Let’s say we have a split test enabled on a few of the advertisers and have only 5 % users in one split. In that case, daily reporting the margins, revenues, etc. might not be a good thing to do especially if we see lot of fluctuations. In case of fluctuations, there may be an indication that the 5% or say even 10% data is either not getting “stratified-sampled” well enough (We have observed that many people believe that simple random sampling on large data is good enough to ensure that either split won’t be that unlucky to get all poor quality users) or is too sparse (say having 5 conversions in a day per advertiser) for daily reporting. In the latter case, instead of looking at daily performance, we should look at overall performance over a long period of time, like say 20 days, and should not think that the model is not stable and therefore reject the model completely.

To summarize, we recommend the following:

  1. Use multiple performance metrics to test the model on various aspects.

  2. Make sure that we separate out training and test data in the beginning itself and then learn the discretization scheme or any hyper parameters of the model only from the training data.

  3. Ensure that before we use a prediction model for a new advertiser the model has learnt well enough about the new advertiser by tracking the stability of the performance metrics.

  4. Think carefully before rejecting a model based on split-testing results. 

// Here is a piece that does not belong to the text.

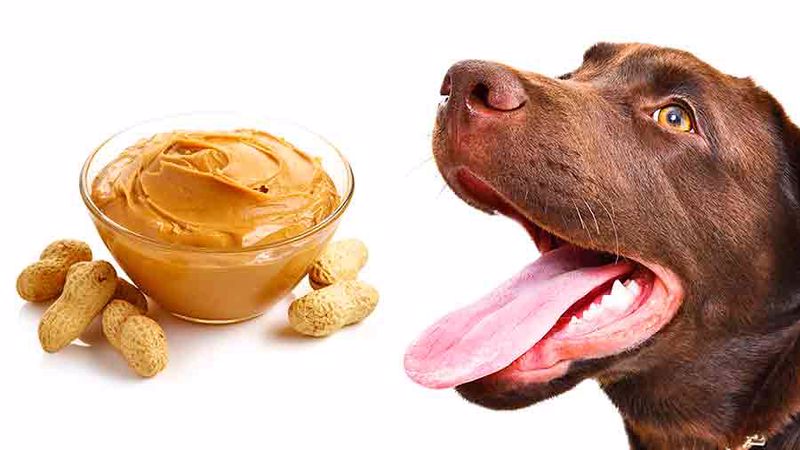 کره بادام زمینی برای سگ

 Our data science team at RevX is working hard to make sure that we do our stuff correctly. We believe that investing our efforts on our prediction system is the key to the success of the entire ecosystem – A model with increased performance would target the right purchasers at the right time for our advertisers which in-turn would fetch us high revenues and margins and which in-turn would enable us to scale further and which in-turn, again, would fetch us more training data to build an even better model!